STORED DATA:
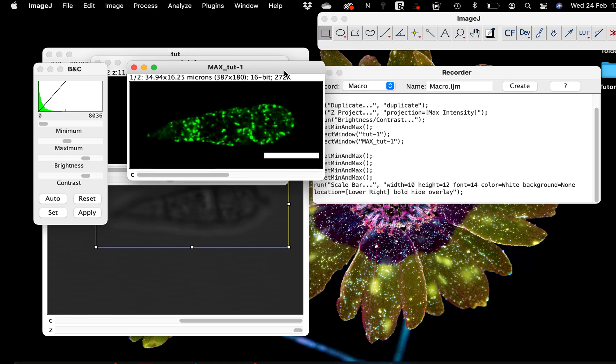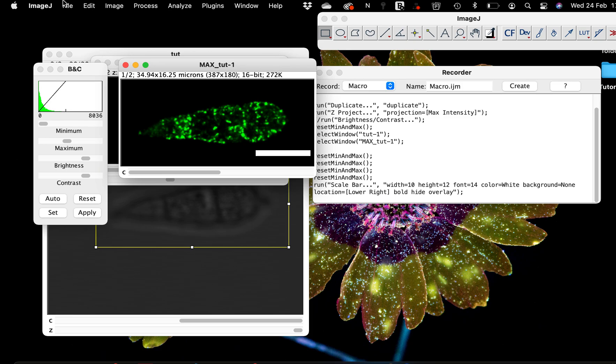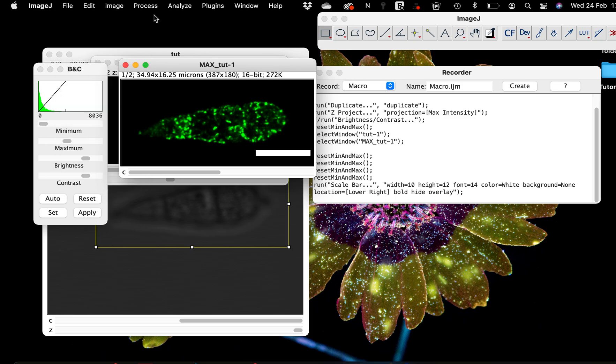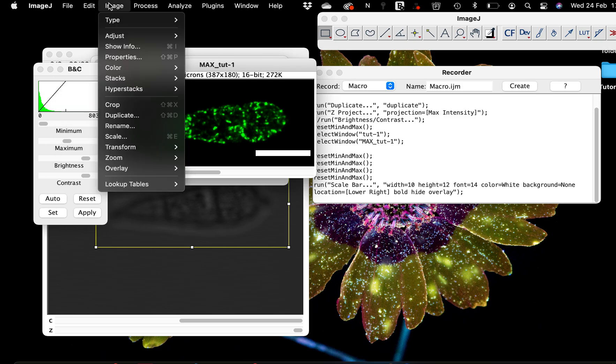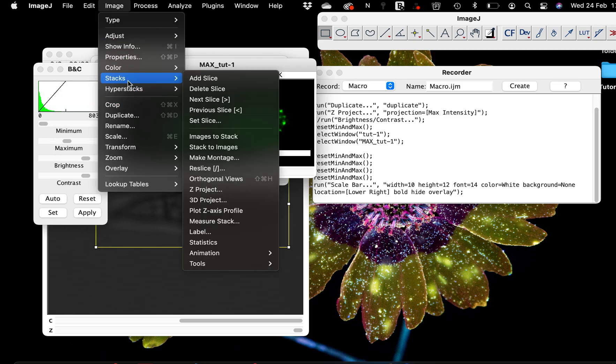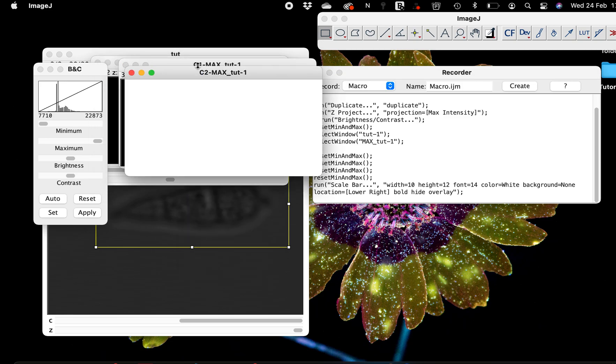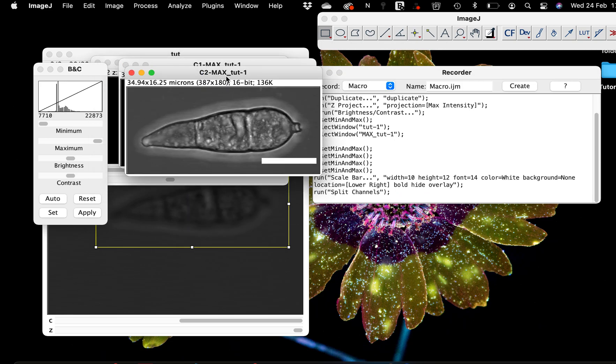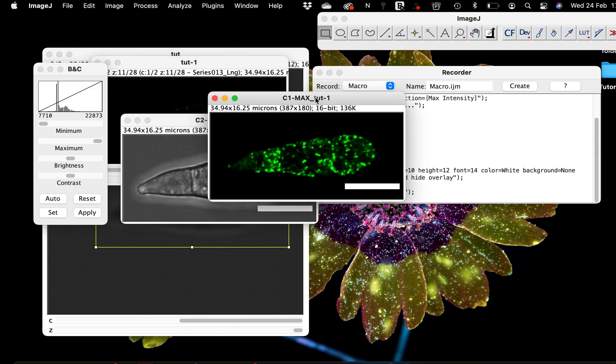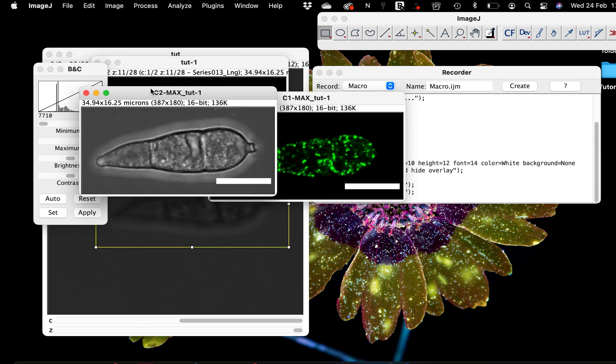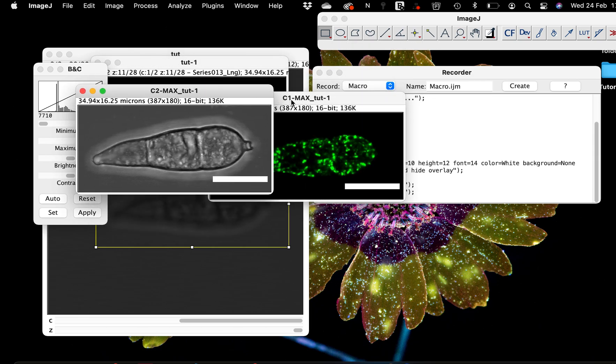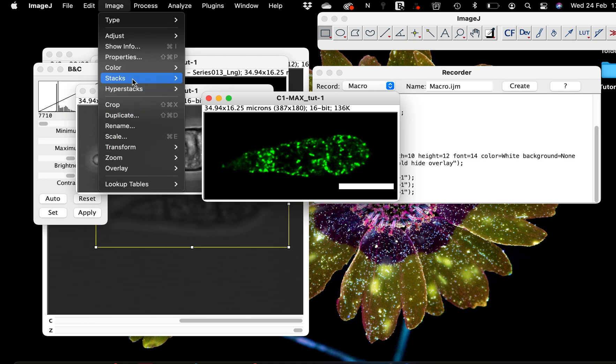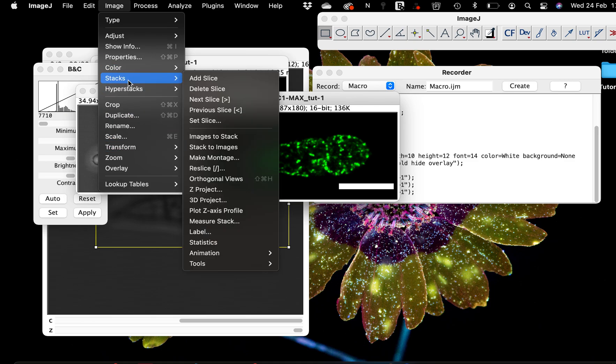And the next thing is for me to save this image. Now to duplicate the Z-stack, the maximum projection, so we split the channel. When we do that we have these two images apart and I'm going to save them individually.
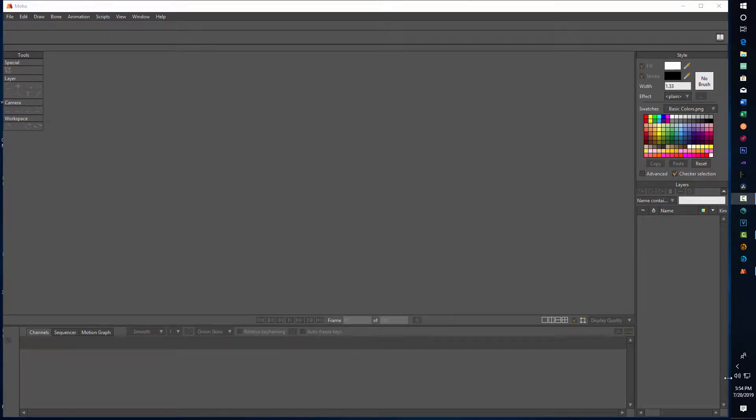Hey, how's it going? Today we're doing something a little bit different. I'm in a program called Moho Pro 12, and this is a 2D animation program that's good for making anime and also 2D animations.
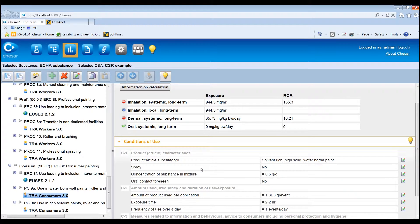It is also possible to import a file with an external tool assessment. For that, select a contributing scenario and click Import External Tool Assessment. Note that only files with the extension .chr can be imported into KESA. For example, Stoffen Manager 5.1 generates output files in a KESA format. For imported external tool assessments, the associated conditions of use will also be imported and they cannot be edited nor removed.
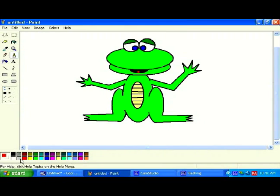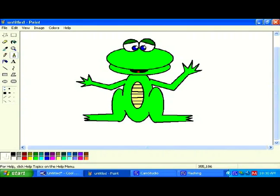Let's add some detail to his eyes — light reflecting in his eyes. Click on white and just drop in two little clicks, which will give you two little circles in the eyes. It looks like he's got light reflected in his eyes. And that's a very cute little cartoon froggy over there.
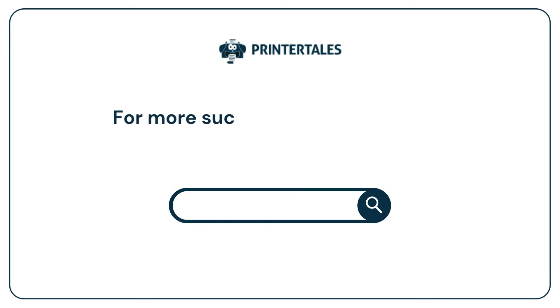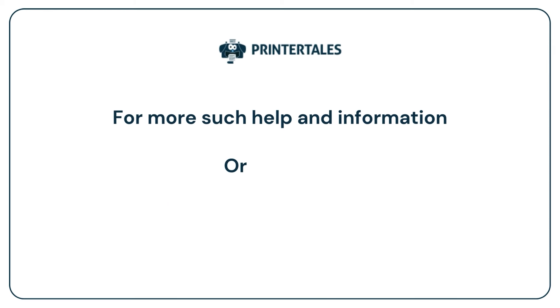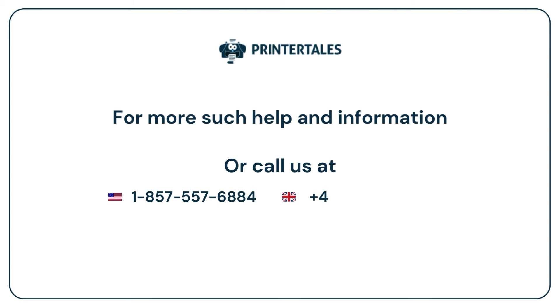For more such help and information, visit us at www.printertails.com or call us at 1-857-557-6884 or +44-161-518-4781.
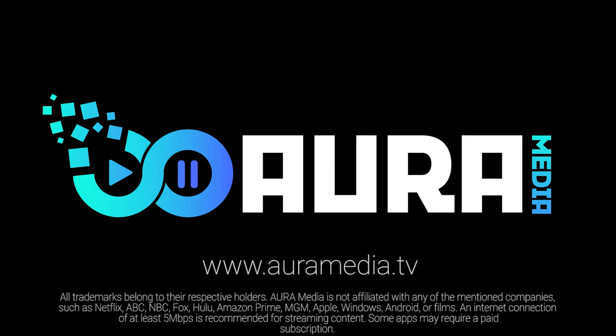Start watching free TV today. Visit www.aura-media.tv for more information.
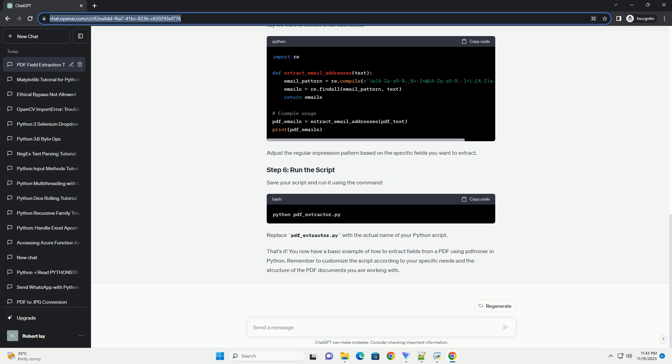Now, let's extract specific fields from the PDF text. This might involve using regular expressions or other methods depending on the structure of your PDF. For this example, let's say we want to extract email addresses. Adjust the regular expression pattern based on the specific fields you want to extract. Save your script and run it using the command. Replace pdf_extractor.py with the actual name of your Python script.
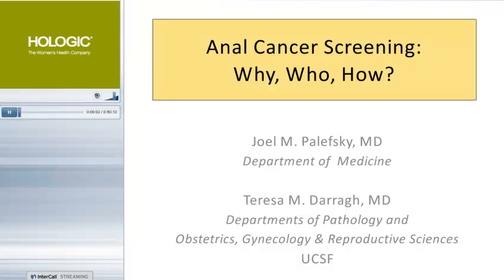Good afternoon. Welcome to today's webcast entitled Anal Cytology Screening: Why, Who, How, presented by Dr. Joel Pilevsky, Professor of Medicine, Division of Infectious Diseases, University of California San Francisco, and Dr. Teresa Dara, Professor of Clinical Pathology, Department of Pathology, University of California San Francisco.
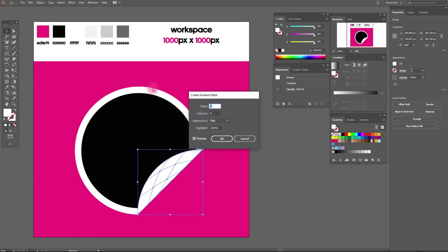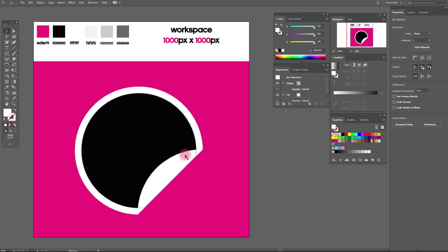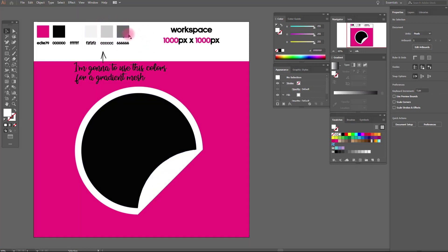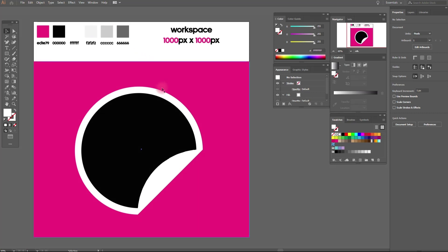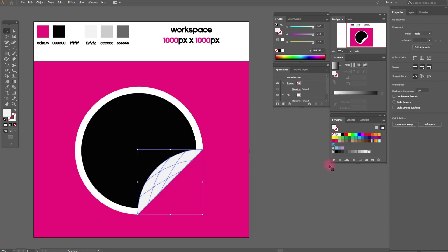I love to use gradient mesh. I think gradient looks more beautiful with it. You need to put the color which you want at the anchor which you want.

WORK ITEM: Please copy the data shown above precisely, leaving the images out.

COMPLETED EXERCISE:
And the next thing is for me to save this image. Now to duplicate the Z-stack, the maximum projection, so we split the channel. When we do that we have these two images apart and I'm going to save them individually.
Hey, how's it going? Today we're doing something a little bit different. I'm in a program called Moho Pro 12, and this is a 2D animation program that's good for making anime and also 2D animations.
It is also possible to import a file with an external tool assessment. For that, select a contributing scenario and click Import External Tool Assessment. Note that only files with the extension .chr can be imported into KESA. For example, Stoffen Manager 5.1 generates output files in a KESA format. For imported external tool assessments, the associated conditions of use will also be imported and they cannot be edited nor removed.
Let's add some detail to his eyes — light reflecting in his eyes. Click on white and just drop in two little clicks, which will give you two little circles in the eyes. It looks like he's got light reflected in his eyes. And that's a very cute little cartoon froggy over there.
For more such help and information, visit us at www.printertails.com or call us at 1-857-557-6884 or +44-161-518-4781.
Start watching free TV today. Visit www.aura-media.tv for more information.
Now, let's extract specific fields from the PDF text. This might involve using regular expressions or other methods depending on the structure of your PDF. For this example, let's say we want to extract email addresses. Adjust the regular expression pattern based on the specific fields you want to extract. Save your script and run it using the command. Replace pdf_extractor.py with the actual name of your Python script.
Good afternoon. Welcome to today's webcast entitled Anal Cytology Screening: Why, Who, How, presented by Dr. Joel Pilevsky, Professor of Medicine, Division of Infectious Diseases, University of California San Francisco, and Dr. Teresa Dara, Professor of Clinical Pathology, Department of Pathology, University of California San Francisco.
I love to use gradient mesh. I think gradient looks more beautiful with it. You need to put the color which you want at the anchor which you want.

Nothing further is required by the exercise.